BRIEF →
Find the line that contains "Female Reproductive System" in the entries below. Restate it and every line after it, word for word, with no pictures.

___

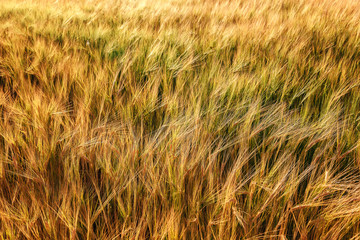 Ripe ears of wheat field as background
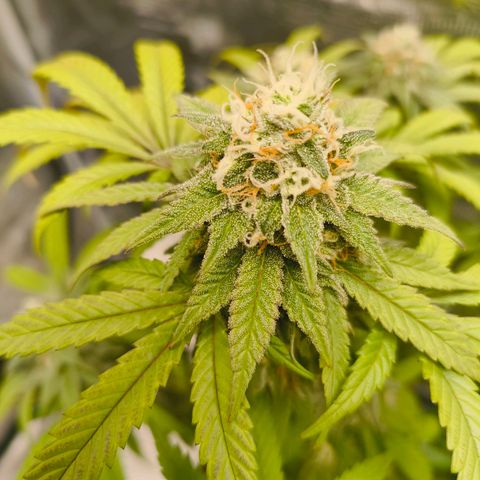 Sensi Amnesia growlog timeline photo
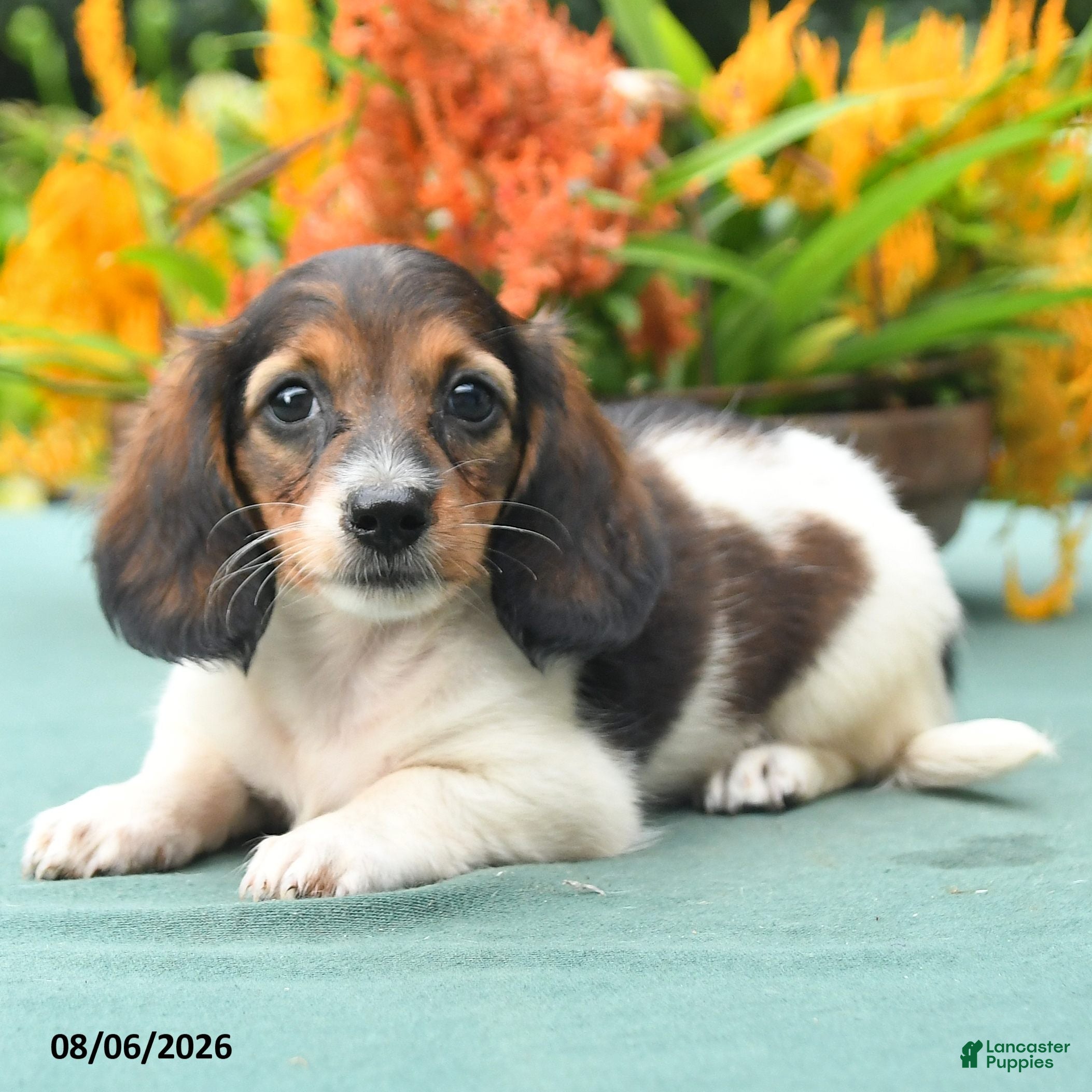 Dachshund dogs Tasha - Ad 2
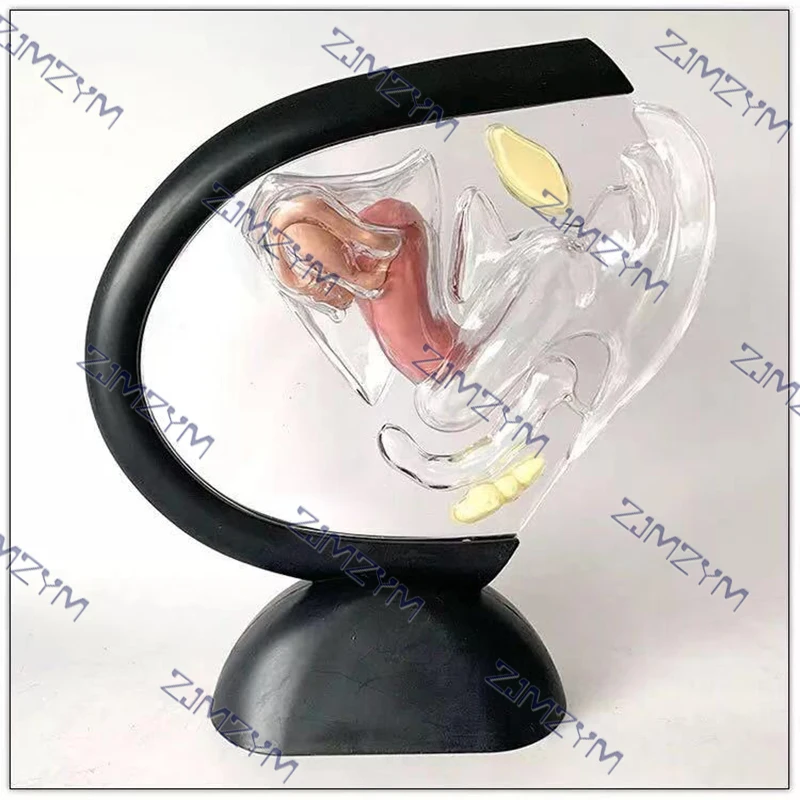 Female Reproductive System Model Transparent Uterus Model Female Anatomical Model For Medical Teaching Presentations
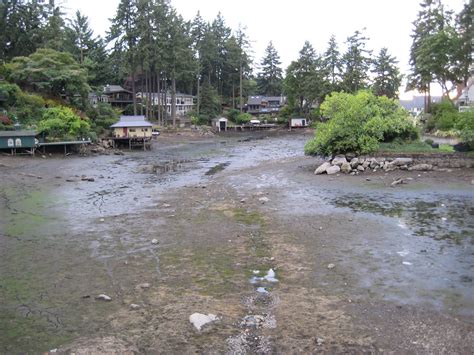 Lake Oswego Oregon "Lake Blog": Lake Oswego Oregon, Day 11 of Lake Draw ...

___

OUTPUT OF THE TASK →
 Female Reproductive System Model Transparent Uterus Model Female Anatomical Model For Medical Teaching Presentations
 Lake Oswego Oregon "Lake Blog": Lake Oswego Oregon, Day 11 of Lake Draw ...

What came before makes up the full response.